From the outside, it would be easy to draw a sweeping and simple conclusion based on al-Wardi’s book: All Iraqis are liars. Many Iraqis say exactly that about their fellow countrymen. But the question isn’t one of dishonesty. It’s about what language communicates. Iraqis know that U.S. troops are not going to leave Iraq in the near future, regardless of what the prime minister says. But the prime minister probably can’t say that he supports a continued U.S. presence, which many Iraqis see as an occupation. That would be a worse sin than to actually allow that occupation to continue. A citizen’s understanding of the situation depends on knowing that the prime minister is not being forthright, though we have yet to see how the new prime minister will navigate this in both rhetoric and policy.

This is not to say that the dichotomy between language and action is without consequence. Al-Wardi himself saw this as a fundamental factor in many of Iraq’s social problems. A great nostalgia exists throughout the Middle East for supposedly happier times. In Iraq, this is for the era before either Saddam Hussein or the U.S. invasion. In Lebanon, it’s before the civil war that ended in 1990. In Syria, it’s either before 2011 or before the Baath Party took over the country in 1963. But al-Wardi is a good reminder that at least one Arab thinker had long ago identified fundamental cultural problems that Arabs felt were holding back the progress of their people, and he foreshadowed the social breakdown the region is now experiencing.

This is now a frequent topic of debate within Arab intellectual life. But in al-Wardi’s day and before, the focus was more on the external enemy (the Ottoman Empire, then European colonialism, then Israel, etc.) than on the internal foes. Syrian writer Yassin al-Haj Saleh contends that one of the most serious defects in Arab intellectual life is a lack of effort put toward understanding the current reality as it is, not as we want it to be. Al-Wardi is a clear exception. He was looking very closely at the reality of Iraqi society. He was ahead of his time in anticipating the problems, and particularly the internal divisions, that plague the region today.

Hearing about Ali al-Wardi, many Americans here might say: Well, our politicians all lie, too. True. But, unlike in Iraq — generally speaking — there is at least an expectation that when politicians say one thing and do another, they will be held accountable or at least exposed as hypocrites.
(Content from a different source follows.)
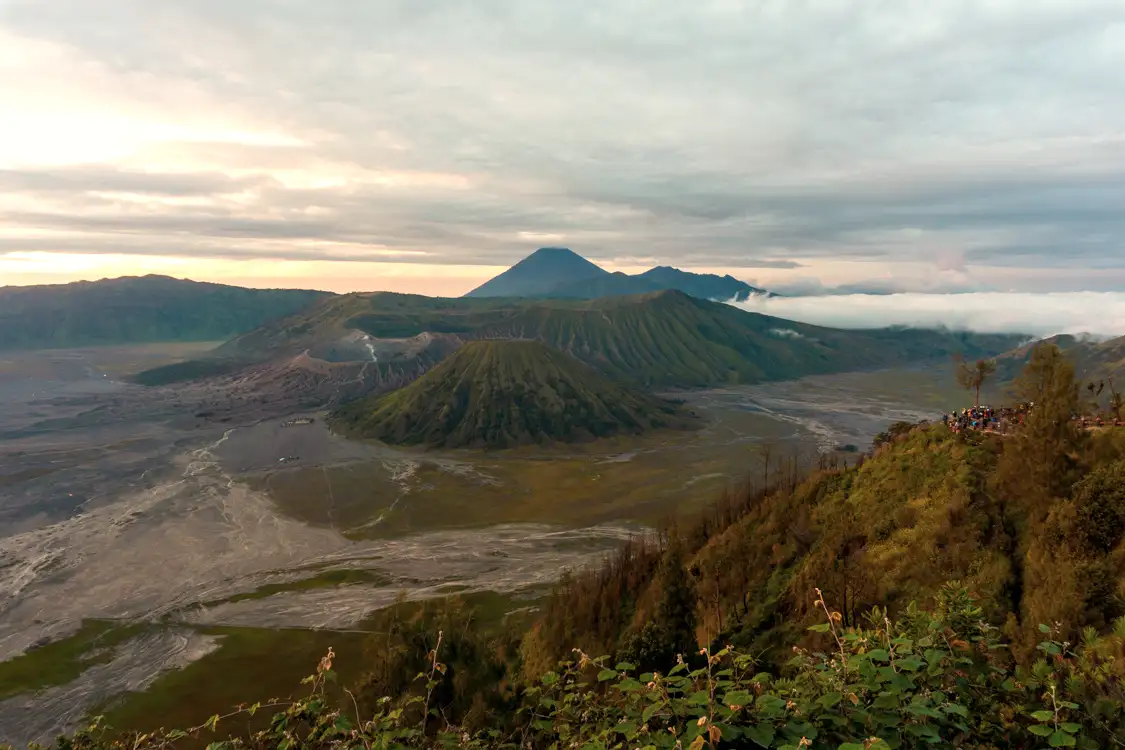 Sunrise view of Mount Bromo and Ijen Crater landscape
I often talk with Iraqis about the intentions of the United States in 2003, when we invaded their country and removed Saddam Hussein. They simply do not believe me when I tell them that the Bush administration believed its own rhetoric. The administration truly believed — as did many others in the U.S. and abroad — that Saddam had weapons of mass destruction. It would seem, looking back, that the administration was terribly blinded by ideology and saw what it wanted to see in the evidence, based on a certain assumption of Saddam’s intentions. It was wrong, but that is different from deliberately lying. Likewise, I think the Bush administration sincerely believed that Iraqis would flourish under a democratic, post-Saddam order. That was obviously based on a wholesale misunderstanding of Iraqi society (clearly no one had read Ali al-Wardi, for one thing). But it was nonetheless sincere, in my estimation. Iraqis I talk to refuse to believe this, saying that America — as the most powerful country in the world — must have known what would befall Iraq after Saddam was removed. So they cite some other justification for the invasion, usually protecting Israel or stealing Iraq’s oil (which is not to say that oil or our relationship with Israel played no role in the decision to invade Iraq, but in my view they were secondary).

But I think that misunderstanding comes from Americans’ expectations about what politicians mean when they speak, as opposed to Iraqis’ expectations. Al-Wardi himself contrasted Americans and Iraqis concerning the difference between talk and action. He mentions in a footnote of the book his surprise, during his years of study in Texas, at how rarely Americans talked about serving their country, but that when the time came, they would leave their lives behind and serve (again, he was writing in 1951). Iraqis, in contrast, were quick to talk about serving their nation and slow to actually do so in times of need.

This all leads to a particular confusion over current U.S. policy in the Middle East, especially in Syria. After two withdrawal announcements — first in December 2018 then in October 2019 — the U.S. still has troops in northeastern Syria. I think that is a good thing — our presence is helping prevent the resurgence of ISIS in the area. Our military says the same thing. Our president, however, says that we are there for the oil. Personally, I think he’s saving face. Most observers probably agree. He became convinced that it would be unwise to withdraw from Syria, and he has used “taking the oil” as the ostensible justification for staying. This means, however, that for the first time I can remember, I am relying on the assumption that the president does not actually mean what he’s saying. I assume we are staying there to prevent ISIS from coming back and to help our partners, the Syrian Democratic Forces, fend off their enemies just as they helped us fend off ours. I assume we are not engaged in more frequent and more dangerous standoffs with Russian troops in order to take oil from its rightful owners. I will sympathize, more than ever, with Iraqis if the newly appointed prime minister says he will work to remove U.S. troops from Iraq, knowing he will do nothing of the sort.

Sam Sweeney, a writer based in the Middle East, is the president of Mesopotamia Relief Foundation, which works in northeastern Syria.